▸ **INFORMATION PROVIDED**:
Segment Open

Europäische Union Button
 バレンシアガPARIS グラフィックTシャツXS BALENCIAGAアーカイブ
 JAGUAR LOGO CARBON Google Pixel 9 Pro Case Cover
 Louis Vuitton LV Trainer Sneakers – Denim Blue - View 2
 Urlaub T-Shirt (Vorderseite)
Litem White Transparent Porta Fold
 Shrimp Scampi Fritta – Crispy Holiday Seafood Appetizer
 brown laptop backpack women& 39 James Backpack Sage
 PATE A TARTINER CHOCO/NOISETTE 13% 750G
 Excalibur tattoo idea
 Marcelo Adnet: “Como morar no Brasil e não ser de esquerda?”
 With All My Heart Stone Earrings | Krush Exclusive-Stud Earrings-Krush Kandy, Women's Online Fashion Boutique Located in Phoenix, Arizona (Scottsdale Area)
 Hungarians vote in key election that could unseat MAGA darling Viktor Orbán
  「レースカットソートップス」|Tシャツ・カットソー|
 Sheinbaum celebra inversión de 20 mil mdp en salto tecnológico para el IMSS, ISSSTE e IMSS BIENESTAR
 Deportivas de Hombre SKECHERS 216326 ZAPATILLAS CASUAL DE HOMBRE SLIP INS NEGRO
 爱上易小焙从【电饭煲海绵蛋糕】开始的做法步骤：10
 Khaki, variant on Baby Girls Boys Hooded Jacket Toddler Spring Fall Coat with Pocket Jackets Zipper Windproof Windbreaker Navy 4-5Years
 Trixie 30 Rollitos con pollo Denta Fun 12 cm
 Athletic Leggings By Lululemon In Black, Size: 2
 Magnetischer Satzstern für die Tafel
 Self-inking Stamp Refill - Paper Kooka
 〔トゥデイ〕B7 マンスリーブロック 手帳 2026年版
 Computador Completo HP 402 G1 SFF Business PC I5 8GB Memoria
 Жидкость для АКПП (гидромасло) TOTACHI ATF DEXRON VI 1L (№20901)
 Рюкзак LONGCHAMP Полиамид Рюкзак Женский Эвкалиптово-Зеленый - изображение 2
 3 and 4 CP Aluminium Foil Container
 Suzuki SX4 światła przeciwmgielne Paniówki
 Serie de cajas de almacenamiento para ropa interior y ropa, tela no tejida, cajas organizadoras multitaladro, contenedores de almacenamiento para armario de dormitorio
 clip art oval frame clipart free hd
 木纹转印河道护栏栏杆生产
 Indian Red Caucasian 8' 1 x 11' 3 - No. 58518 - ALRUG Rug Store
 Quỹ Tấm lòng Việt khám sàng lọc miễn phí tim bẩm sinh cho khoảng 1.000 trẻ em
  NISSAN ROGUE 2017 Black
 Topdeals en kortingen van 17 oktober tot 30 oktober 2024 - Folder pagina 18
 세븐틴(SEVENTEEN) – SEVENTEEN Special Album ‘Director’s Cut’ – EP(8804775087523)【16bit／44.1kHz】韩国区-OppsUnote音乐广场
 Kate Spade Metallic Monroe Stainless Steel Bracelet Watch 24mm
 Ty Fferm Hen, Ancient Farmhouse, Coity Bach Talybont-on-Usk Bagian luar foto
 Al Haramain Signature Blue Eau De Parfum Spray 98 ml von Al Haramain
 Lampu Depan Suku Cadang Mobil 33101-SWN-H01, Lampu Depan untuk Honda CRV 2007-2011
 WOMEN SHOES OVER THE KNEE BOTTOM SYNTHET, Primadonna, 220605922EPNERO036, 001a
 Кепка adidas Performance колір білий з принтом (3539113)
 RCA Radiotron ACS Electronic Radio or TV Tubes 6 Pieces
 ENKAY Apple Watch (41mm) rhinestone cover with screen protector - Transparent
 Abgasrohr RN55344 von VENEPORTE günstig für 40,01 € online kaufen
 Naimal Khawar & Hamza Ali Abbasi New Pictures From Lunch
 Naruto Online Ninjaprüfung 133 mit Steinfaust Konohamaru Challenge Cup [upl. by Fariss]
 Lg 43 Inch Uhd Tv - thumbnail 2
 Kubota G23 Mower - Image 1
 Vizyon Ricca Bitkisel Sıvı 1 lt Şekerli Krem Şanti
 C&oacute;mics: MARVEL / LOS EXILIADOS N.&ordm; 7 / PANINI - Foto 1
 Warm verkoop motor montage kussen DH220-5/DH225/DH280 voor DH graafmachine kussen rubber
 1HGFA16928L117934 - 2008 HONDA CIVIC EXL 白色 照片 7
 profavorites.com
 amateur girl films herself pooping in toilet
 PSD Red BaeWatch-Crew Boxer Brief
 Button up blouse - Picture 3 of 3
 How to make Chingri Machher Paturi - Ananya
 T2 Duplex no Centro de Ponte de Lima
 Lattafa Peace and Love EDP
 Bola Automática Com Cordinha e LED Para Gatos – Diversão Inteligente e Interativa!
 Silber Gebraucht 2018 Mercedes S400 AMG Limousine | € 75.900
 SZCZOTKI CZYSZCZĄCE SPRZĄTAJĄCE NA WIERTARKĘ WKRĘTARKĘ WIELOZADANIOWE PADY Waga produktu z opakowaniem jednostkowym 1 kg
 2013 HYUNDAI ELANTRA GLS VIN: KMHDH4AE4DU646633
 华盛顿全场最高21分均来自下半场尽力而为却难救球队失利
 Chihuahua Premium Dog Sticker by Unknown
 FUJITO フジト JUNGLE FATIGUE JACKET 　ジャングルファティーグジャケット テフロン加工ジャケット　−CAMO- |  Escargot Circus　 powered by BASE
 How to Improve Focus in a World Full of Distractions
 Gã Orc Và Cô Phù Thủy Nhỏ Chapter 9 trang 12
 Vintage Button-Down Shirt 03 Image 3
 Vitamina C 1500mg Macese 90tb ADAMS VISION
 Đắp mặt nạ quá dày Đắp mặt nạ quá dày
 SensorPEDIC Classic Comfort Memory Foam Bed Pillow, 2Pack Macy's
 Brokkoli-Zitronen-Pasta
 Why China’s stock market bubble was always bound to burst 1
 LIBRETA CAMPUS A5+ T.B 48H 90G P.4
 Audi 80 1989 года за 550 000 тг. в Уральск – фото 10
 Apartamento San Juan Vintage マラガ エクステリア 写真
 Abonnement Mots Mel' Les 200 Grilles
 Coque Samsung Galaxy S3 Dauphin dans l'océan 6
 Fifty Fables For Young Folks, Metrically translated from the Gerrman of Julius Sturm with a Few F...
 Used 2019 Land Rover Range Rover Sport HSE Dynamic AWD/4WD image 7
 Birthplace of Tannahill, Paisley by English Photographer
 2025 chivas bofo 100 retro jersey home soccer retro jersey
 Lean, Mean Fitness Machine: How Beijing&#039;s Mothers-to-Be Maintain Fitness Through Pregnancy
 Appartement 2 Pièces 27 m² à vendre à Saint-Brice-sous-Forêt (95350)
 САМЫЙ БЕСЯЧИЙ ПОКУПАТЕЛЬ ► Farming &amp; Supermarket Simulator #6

Segment Closed

▸ **WORK INSTRUCTION**: Only the lines above starting at the line that holds "Trixie 30 Rollitos con pollo Denta Fun 12 cm" and ending at the line that holds "Quỹ Tấm lòng" are to be repeated, exactly and in full.

▸ **COMPLETED TASK**:
 Trixie 30 Rollitos con pollo Denta Fun 12 cm
 Athletic Leggings By Lululemon In Black, Size: 2
 Magnetischer Satzstern für die Tafel
 Self-inking Stamp Refill - Paper Kooka
 〔トゥデイ〕B7 マンスリーブロック 手帳 2026年版
 Computador Completo HP 402 G1 SFF Business PC I5 8GB Memoria
 Жидкость для АКПП (гидромасло) TOTACHI ATF DEXRON VI 1L (№20901)
 Рюкзак LONGCHAMP Полиамид Рюкзак Женский Эвкалиптово-Зеленый - изображение 2
 3 and 4 CP Aluminium Foil Container
 Suzuki SX4 światła przeciwmgielne Paniówki
 Serie de cajas de almacenamiento para ropa interior y ropa, tela no tejida, cajas organizadoras multitaladro, contenedores de almacenamiento para armario de dormitorio
 clip art oval frame clipart free hd
 木纹转印河道护栏栏杆生产
 Indian Red Caucasian 8' 1 x 11' 3 - No. 58518 - ALRUG Rug Store
 Quỹ Tấm lòng Việt khám sàng lọc miễn phí tim bẩm sinh cho khoảng 1.000 trẻ em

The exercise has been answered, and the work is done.